I do not pretend to know or have the answers.
One question I have is if this planet Theia did in fact impact the Earth with enough force to disintegrate why is there not a place on Earth you can point to and say "Ok yea something massive hit the Earth". There does not seem to be a impact site. Yet this theory is being discussed in the Journal Science.
12/26. With a force equivalent to that of 1,000 atomic bombs, a massive "GREAT" quake of 9.2 hit off the west coast of Sumatra on 12/26, triggering deadly tsunamis throughout southeast Asian countries. The force was enough to move the entire island of Sumatra about 100 feet to the southwest.
Kate Hutton of Cal Tech has reported that the shaking was severe enough to actually affect the earth's rotation. Other U.S. scientists have also commented on this phenomenon: "The deadly Asian earthquake may have permanently accelerated the Earth's rotation -- shortening days by a fraction of a second -- and caused the planet to wobble on its axis".
www.cnn.com...
At a presentation at Cal Tech on 1/12/05 the audience was told the quake had caused the earth to "ring like a bell" and that it is "still ringing". One of the speakers also noted that it even caused a (minor) change in the position of the earth's poles, (on the order of 2 cm).
originally posted by: 8675309jenny
The moon is the result of a collision with earth. Omaha beach is still littered with microscopic hollow steel spheres from the explosions:
www.businessinsider.com...
When an explosion melts steel and sends it flying, the tiny bits form into spheres made hollow I'd imagine by the centripetal force of spinning while molten.
In the photo to the right, see the smooth sphere? It's got a diameter of around one-tenth of a millimeter judging by the legend. That's sixty-year-old shrapnel, sanded down to a smooth, microscopic ball.
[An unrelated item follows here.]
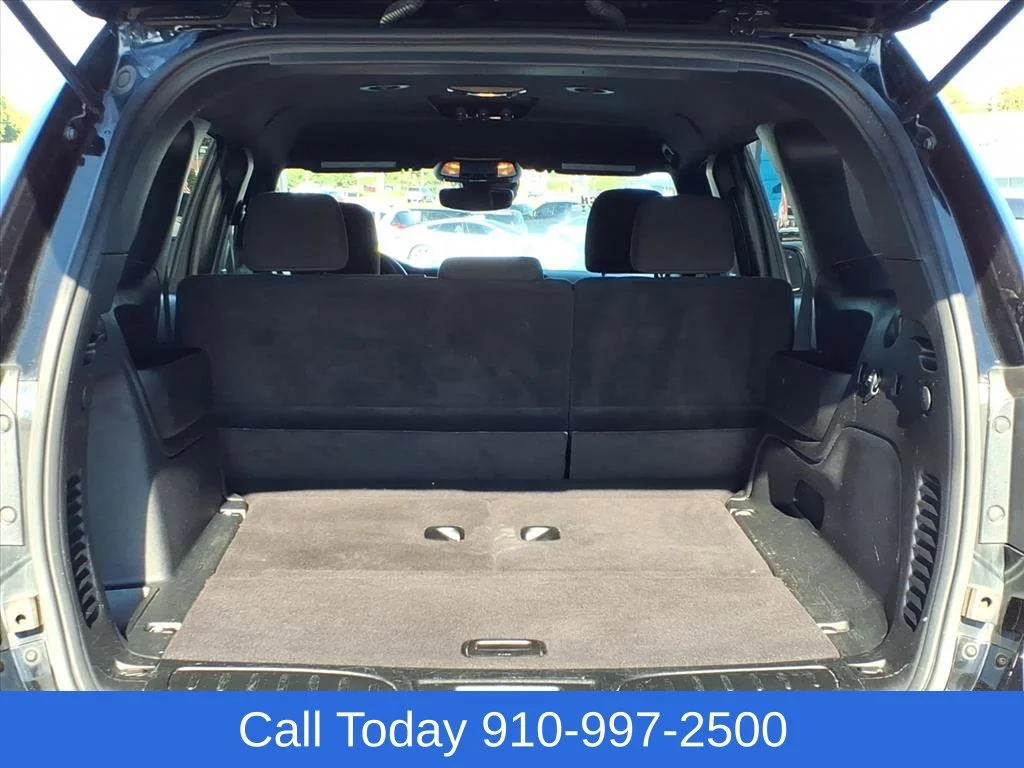 Used 2023 Black Dodge SXT Launch Edition RWD image 9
originally posted by: Arbitrageur
a reply to: 8675309jenny
Your source doesn't say they are hollow. What makes you think they are hollow? It's not impossible for them to be hollow, but I doubt they are.
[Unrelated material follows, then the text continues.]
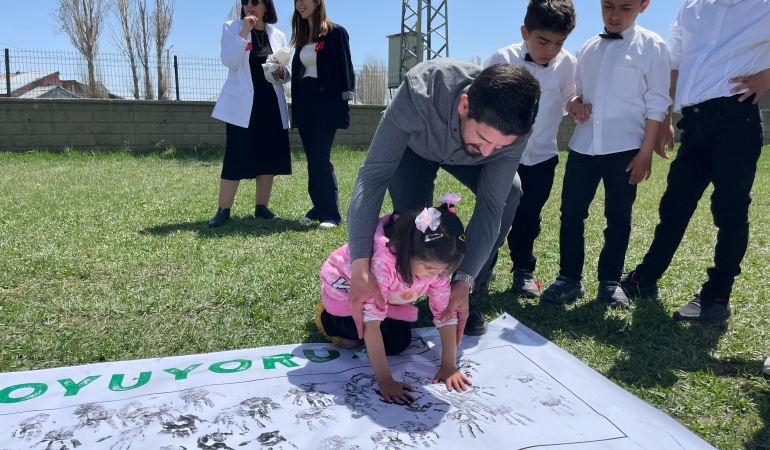 Ak parti gençlik kolları'ndan filistin'e destek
The moon on the other hand would collapse if it was substantially hollow. It probably has some old lava tubes that are still hollow, but even some of those have collapsed.
It is known that bomb explosions often produce hollow metal beads. In the inverse of the process for forming ball bearings, molten iron is thrown up into the air, thereafter raining down as tiny spheres.
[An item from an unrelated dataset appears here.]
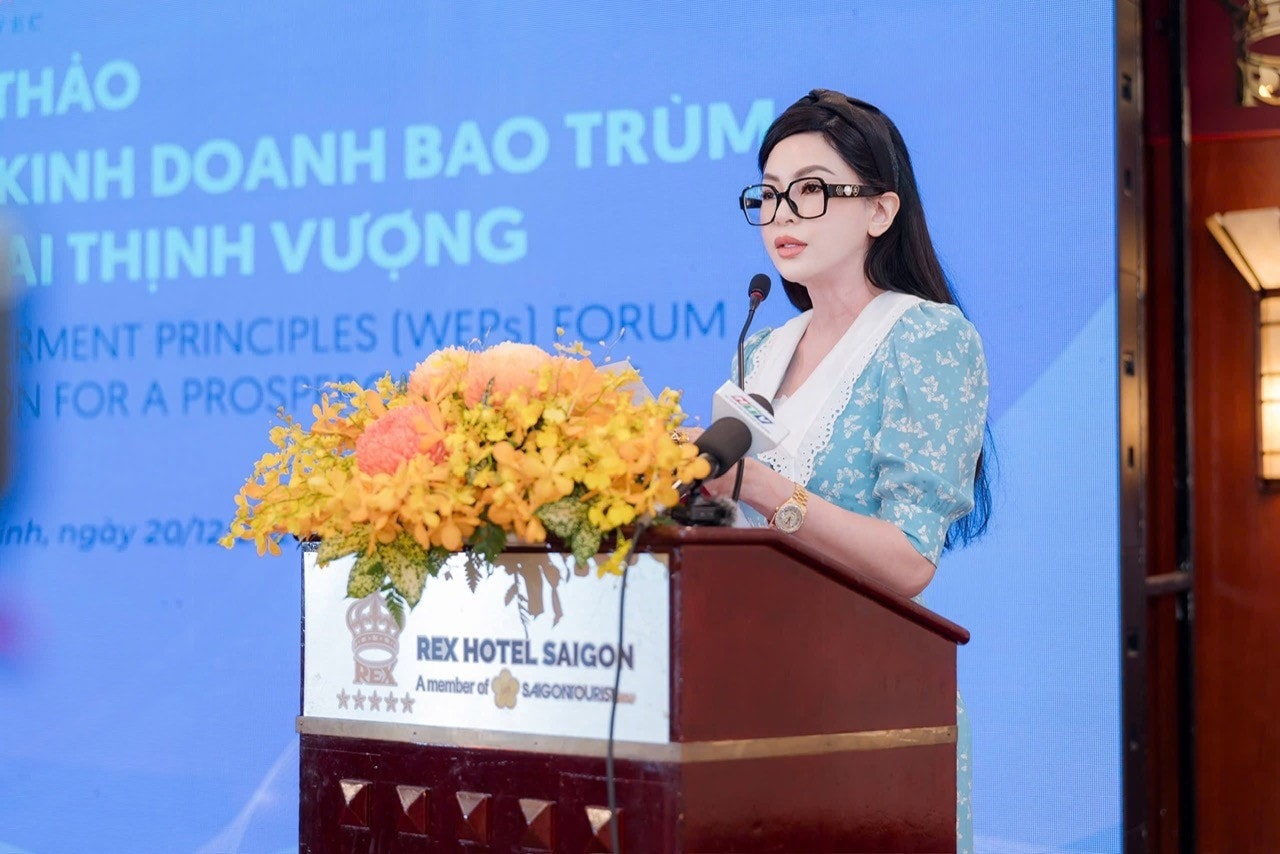 ceo-le-hong-thuy-tien-phat-bieu.jpg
originally posted by: Rob48
Edit: bad reporting. The original article does indeed mention hollow beads
www.sepm.org...
But you cannot remotely compare metal beads 0.1 - 0.3mm in diameter with the moon. What is the gravitational force on a bead less than half a mm in diameter? Totally negligible.
originally posted by: GArnold
a reply to: TommyD1966
Thanks.. Interesting. Still most of what I posted has not been explained. The iron was brought back to Earth and still never oxidized. The eclipses are virtually perfect. The ringing has never been explained. the rocks being older there are theories about but not of them are universally accepted as being true. No one knows how the moon was formed or when. There is question if you read the second thing I posted that there may have been two moons at one point that collided making up the incredibly odd composition of the two sides of the moon.
originally posted by: denybedoomed
First time I heard of the moon "ringing like a bell" was when I read Alien Agenda by Jim Marrs. Completely baffling.
"That's no moon . . . it's a space station."